◆ Task goal
The result should be an exact copy of the lines from the one with "Le Val de Rennes" through the last line of the data below, both included.

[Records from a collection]
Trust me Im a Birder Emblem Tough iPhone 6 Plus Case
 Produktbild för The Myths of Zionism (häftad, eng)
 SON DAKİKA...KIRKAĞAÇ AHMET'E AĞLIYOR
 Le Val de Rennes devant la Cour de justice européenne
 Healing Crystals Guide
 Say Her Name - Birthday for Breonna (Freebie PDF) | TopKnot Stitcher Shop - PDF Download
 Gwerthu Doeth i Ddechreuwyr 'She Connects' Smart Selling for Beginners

◆ Written response
 Le Val de Rennes devant la Cour de justice européenne
 Healing Crystals Guide
 Say Her Name - Birthday for Breonna (Freebie PDF) | TopKnot Stitcher Shop - PDF Download
 Gwerthu Doeth i Ddechreuwyr 'She Connects' Smart Selling for Beginners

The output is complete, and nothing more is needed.